» Work item:
Your answer must consist of exactly the lines below, starting with the line with "Coffea 'Coffee Plant' Seeds, view 5" and going on through the line with "Astrantia major par Semences du Puy", and nothing else.

» Material supplied:
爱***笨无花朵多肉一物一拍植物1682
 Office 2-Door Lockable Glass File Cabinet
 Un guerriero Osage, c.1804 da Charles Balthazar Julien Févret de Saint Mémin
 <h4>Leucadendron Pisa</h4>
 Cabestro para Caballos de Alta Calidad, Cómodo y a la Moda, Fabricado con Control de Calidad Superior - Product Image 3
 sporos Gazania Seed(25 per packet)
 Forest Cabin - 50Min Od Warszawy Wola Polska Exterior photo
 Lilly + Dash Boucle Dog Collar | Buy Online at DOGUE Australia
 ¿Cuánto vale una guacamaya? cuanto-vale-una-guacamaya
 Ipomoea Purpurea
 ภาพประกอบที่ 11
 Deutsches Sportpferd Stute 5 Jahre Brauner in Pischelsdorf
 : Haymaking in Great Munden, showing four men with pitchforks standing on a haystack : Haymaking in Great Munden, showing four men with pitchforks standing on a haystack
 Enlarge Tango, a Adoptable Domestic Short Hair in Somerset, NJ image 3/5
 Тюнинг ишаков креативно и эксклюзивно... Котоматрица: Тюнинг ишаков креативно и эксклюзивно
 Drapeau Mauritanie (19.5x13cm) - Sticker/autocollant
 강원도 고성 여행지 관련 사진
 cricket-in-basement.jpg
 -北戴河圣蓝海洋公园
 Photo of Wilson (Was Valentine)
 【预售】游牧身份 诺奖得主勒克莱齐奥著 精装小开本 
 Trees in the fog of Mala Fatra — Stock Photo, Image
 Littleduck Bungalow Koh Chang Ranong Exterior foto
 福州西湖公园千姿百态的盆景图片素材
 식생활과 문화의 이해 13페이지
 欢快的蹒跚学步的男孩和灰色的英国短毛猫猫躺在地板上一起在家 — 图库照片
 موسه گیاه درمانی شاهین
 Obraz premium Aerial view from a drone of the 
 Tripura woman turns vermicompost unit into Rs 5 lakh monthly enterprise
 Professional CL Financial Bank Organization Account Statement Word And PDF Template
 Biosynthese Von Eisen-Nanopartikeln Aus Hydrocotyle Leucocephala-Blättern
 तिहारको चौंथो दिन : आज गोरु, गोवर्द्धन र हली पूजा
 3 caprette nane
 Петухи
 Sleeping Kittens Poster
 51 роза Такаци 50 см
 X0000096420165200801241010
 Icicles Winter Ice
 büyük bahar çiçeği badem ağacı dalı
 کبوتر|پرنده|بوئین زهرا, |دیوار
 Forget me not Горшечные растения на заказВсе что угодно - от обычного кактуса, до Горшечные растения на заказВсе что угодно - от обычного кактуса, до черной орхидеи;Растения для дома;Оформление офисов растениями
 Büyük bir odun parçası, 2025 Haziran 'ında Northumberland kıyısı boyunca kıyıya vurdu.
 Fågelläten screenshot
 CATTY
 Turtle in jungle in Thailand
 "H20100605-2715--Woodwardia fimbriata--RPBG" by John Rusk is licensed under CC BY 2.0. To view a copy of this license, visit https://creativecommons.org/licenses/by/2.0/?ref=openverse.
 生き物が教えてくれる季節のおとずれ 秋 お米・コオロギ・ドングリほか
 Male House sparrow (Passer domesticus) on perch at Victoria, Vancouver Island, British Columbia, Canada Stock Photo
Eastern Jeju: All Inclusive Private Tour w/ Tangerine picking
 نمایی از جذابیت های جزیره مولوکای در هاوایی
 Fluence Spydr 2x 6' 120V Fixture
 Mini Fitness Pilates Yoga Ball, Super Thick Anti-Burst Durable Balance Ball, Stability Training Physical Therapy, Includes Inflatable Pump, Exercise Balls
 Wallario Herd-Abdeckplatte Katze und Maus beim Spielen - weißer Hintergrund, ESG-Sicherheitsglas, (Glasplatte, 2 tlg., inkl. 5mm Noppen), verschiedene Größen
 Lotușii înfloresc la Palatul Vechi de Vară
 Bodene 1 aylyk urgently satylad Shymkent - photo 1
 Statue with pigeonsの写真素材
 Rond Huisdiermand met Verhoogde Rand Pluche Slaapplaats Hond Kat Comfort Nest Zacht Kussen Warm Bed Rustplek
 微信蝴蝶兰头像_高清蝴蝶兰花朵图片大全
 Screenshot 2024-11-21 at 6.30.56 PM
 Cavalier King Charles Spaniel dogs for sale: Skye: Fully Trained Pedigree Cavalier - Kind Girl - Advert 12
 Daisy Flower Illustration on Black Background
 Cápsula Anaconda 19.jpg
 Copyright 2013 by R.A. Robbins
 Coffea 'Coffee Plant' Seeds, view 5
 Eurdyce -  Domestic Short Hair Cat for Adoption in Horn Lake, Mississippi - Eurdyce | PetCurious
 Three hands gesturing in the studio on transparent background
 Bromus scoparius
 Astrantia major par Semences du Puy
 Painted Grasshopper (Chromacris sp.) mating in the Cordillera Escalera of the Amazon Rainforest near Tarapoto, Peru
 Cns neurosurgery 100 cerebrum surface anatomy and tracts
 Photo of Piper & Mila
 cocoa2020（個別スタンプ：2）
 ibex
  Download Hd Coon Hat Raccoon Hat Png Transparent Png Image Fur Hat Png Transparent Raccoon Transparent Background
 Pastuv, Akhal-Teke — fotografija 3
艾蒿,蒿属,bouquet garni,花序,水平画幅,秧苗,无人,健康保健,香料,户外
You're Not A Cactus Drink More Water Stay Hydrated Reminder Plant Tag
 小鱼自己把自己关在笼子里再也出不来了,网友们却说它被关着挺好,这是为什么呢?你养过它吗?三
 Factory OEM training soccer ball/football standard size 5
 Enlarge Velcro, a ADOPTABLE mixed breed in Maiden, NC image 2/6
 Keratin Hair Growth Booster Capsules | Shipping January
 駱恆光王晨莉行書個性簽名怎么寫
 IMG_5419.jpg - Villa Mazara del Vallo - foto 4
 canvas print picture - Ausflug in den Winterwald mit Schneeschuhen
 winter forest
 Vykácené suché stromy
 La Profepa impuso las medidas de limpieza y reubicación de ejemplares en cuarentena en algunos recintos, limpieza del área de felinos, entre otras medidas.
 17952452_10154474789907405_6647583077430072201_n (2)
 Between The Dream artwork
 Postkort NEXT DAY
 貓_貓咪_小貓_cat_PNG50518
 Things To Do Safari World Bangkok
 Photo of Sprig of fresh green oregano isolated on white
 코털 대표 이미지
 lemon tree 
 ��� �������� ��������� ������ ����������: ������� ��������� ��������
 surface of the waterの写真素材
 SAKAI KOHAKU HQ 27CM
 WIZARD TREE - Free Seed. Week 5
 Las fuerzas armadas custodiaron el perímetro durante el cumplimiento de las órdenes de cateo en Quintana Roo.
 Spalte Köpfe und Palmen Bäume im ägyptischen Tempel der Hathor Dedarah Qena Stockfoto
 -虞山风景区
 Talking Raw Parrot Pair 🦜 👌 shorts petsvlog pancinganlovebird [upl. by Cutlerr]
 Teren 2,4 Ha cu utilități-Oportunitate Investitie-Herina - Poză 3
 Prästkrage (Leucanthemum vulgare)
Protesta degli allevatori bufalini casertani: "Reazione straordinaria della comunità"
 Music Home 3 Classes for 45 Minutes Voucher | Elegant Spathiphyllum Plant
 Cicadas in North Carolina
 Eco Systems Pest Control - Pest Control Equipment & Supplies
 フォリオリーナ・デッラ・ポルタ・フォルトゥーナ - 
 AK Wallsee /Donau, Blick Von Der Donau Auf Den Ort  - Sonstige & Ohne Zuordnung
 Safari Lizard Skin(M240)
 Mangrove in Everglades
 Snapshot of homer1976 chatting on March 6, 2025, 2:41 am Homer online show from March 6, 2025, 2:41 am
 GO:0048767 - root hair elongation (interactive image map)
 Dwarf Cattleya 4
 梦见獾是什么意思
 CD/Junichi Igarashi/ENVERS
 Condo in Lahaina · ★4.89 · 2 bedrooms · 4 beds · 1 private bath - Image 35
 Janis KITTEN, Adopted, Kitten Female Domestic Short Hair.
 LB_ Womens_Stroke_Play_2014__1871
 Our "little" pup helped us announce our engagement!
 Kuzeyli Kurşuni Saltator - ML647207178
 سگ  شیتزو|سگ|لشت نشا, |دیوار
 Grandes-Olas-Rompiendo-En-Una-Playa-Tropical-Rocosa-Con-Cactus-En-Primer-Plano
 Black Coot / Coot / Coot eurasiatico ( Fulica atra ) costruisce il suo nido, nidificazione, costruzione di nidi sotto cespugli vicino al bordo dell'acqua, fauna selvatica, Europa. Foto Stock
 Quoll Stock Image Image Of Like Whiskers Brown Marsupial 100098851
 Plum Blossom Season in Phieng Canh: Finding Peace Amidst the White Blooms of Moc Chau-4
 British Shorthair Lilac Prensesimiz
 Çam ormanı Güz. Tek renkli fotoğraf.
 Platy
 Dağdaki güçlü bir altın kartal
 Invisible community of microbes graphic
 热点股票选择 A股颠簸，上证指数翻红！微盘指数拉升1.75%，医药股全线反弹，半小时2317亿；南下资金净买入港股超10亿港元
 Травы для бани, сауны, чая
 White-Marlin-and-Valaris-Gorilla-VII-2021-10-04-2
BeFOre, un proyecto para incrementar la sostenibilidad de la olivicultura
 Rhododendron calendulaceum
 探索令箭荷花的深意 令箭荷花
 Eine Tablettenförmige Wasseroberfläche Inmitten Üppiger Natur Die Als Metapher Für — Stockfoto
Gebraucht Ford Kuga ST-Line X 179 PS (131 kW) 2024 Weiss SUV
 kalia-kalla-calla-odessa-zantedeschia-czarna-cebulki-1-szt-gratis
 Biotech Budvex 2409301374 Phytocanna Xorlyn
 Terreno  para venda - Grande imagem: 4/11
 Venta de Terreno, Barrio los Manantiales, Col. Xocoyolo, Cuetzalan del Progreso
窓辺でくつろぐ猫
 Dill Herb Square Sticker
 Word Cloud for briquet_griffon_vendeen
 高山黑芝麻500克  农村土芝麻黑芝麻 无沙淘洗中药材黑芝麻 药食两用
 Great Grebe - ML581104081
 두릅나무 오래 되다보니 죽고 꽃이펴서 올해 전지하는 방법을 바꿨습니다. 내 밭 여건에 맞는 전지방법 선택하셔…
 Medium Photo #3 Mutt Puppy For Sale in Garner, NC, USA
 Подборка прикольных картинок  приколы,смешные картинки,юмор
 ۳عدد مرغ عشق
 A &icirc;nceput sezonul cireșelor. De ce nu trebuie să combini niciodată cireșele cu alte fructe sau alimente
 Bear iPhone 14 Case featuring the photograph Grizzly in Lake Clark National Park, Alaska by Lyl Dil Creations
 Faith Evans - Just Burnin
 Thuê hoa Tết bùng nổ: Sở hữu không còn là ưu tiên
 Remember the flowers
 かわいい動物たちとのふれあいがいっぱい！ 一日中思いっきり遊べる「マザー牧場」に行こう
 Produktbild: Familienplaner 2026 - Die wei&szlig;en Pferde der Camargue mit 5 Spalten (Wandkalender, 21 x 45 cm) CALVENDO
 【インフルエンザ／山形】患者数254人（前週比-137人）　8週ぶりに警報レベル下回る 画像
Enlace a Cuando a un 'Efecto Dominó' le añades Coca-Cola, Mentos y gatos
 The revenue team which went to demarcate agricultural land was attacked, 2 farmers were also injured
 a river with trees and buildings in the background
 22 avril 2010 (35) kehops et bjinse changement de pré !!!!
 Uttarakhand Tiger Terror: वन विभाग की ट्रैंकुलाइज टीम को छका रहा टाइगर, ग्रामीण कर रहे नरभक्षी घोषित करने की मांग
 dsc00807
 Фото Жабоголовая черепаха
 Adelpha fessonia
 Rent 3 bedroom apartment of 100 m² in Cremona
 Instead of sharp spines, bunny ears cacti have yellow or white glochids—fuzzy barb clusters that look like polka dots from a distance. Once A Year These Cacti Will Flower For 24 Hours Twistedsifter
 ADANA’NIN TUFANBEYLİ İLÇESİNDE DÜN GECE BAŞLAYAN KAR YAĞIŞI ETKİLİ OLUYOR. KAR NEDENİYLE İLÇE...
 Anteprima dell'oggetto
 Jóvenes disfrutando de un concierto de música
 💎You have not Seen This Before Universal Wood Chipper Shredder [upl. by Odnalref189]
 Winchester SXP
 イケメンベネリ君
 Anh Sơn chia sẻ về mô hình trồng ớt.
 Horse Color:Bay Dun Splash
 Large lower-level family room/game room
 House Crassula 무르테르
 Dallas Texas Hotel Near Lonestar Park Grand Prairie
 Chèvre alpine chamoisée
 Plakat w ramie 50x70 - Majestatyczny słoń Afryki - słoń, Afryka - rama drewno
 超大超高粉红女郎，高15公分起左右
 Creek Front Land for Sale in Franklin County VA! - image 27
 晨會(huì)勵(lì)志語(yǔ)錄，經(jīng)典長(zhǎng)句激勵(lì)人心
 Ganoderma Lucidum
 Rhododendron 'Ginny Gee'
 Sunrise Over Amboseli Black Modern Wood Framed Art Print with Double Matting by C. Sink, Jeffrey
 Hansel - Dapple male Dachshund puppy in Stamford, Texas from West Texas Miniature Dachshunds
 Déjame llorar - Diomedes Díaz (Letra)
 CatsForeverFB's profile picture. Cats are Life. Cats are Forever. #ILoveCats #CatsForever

» Response box:
 Coffea 'Coffee Plant' Seeds, view 5
 Eurdyce -  Domestic Short Hair Cat for Adoption in Horn Lake, Mississippi - Eurdyce | PetCurious
 Three hands gesturing in the studio on transparent background
 Bromus scoparius
 Astrantia major par Semences du Puy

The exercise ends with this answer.